On the other hand, Bayan Muna Reps. Ferdinand Gaite and Eufemia Cullamat have warned that the recent reports of abuse — including an incident in Quiapo where a police officer supposedly threatened people in the streets even if they have the proper quarantine pass — may increase during this crisis.
“From caging minors who violated the curfew, to people being held under the midday sun, and now this. Authorities have been empowered to commit abuses as the government confronts the health crisis as a peace and order issue instead of a medical one,” Gaite said. “But let me remind our authorities, a community quarantine is not a military hamlet.”
“Dapat kagyat na bigyan ng ayuda ang ating mga kababayan, laluna ang mga mahihirap na komunidad na siyang pinaka-apektado ngayon ng lockdown.

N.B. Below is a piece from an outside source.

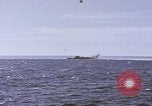 Image of USS Cod fires deck gun in actions to scuttle Dutch submarine, O-19 Spratly Islands, 1945, second 6 stock footage video 65675076091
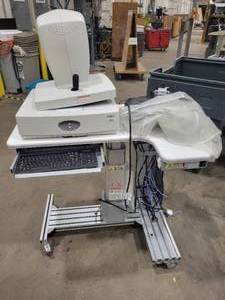 lot 9 image: Optovue RTVUE PREMIER (565209) With SitStand Desk, RTVUE Broken, See Description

Kung walang tulong ang gobyerno, baka hindi COVID-19 ang papatay sa kanila kundi gutom, o ang malala mga pulis na mas naging abusado at marahas ngayon,” Cullamat added.
As of Friday, 803 people in the country already contracted COVID-19. Of this, 54 have died while 31 were able to recover, according to the Department of Health.
The enhanced community quarantine is in effect across Luzon until midnight of April 13, as the entire nation has been placed under a national emergency due to the COVID-19 pandemic.
Around the world, COVID-19 has infected more than 532,700 people and killed more than 24,050 as of March 27.